Indian cities always come under non-attainment zones because of poor air quality. Moreover, the lifting of the lockdown caused an increase in activities like traffic and tourism. These daily level resumed activities caused high concentrations of pollution. All pollutants showed an increment in the post-lockdown scenario. The questionable thing is whether this surged pollution is really a threat to COVID-19. Thus our results are a primary assessment to policymakers of how statistically significant pollution rise in increment of relative risk?. The pooled results showed that the highest attribution went to O3, followed by SO2, PM2.5, and PM10. Spatial analysis showed that COVID-19 escalation highly depends on demographic features and population densities.

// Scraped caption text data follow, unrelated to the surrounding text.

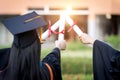 A happy and excited young Asian female university graduate Royalty Free Stock Photo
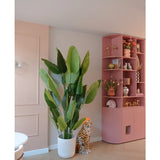 De Kunstplant Strelitzia Real Touch Deluxe 210 cm staat bij een cheetafiguur van keramiek met een oranje hoed, naast een hoge roze plank vol vazen, bloemen en ornamenten in een pastelkleurige kamer.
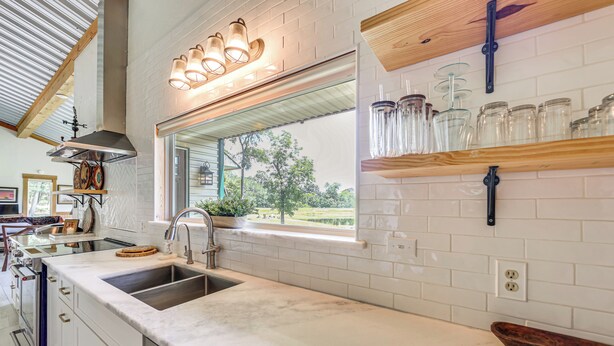 A kitchen with a large window, white tiled backsplash, stainless steel sink, and wooden shelves with jars. - Fish On-site! 35-acre Escape Near Cedar Creek Lake (Malakoff)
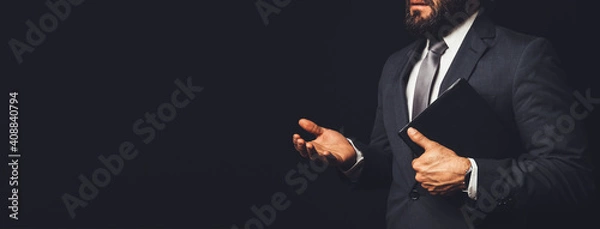 Fototapeta man in suit holding a bible in his arm speaking to another person on a black background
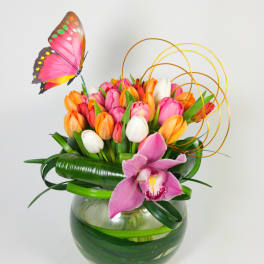 Tulip arrangement in a glass bowl with a pink orchid and butterfly decoration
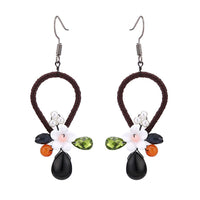 Load image into Gallery viewer, Brass Ohrringe silberfarben Tropfen umgedreht Stoff schwarz Perle Blume weiß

The spatial maps revealed that north India, IGP, and somewhat western India are the most vulnerable zones due to different pollutants. So, proper mitigation strategies should implement based on the type of pollutant observed in the region. Since the type of pollutant is region-specific, different aspects like population density, tourism levels, traffic, and industries change from region to region. Properly implementing region-specific mitigation strategies is highly helpful in the smooth functioning of cities and results in better economic growth during the pandemic. This research also gives the vision to tackle future pandemics from pollution escalated infection.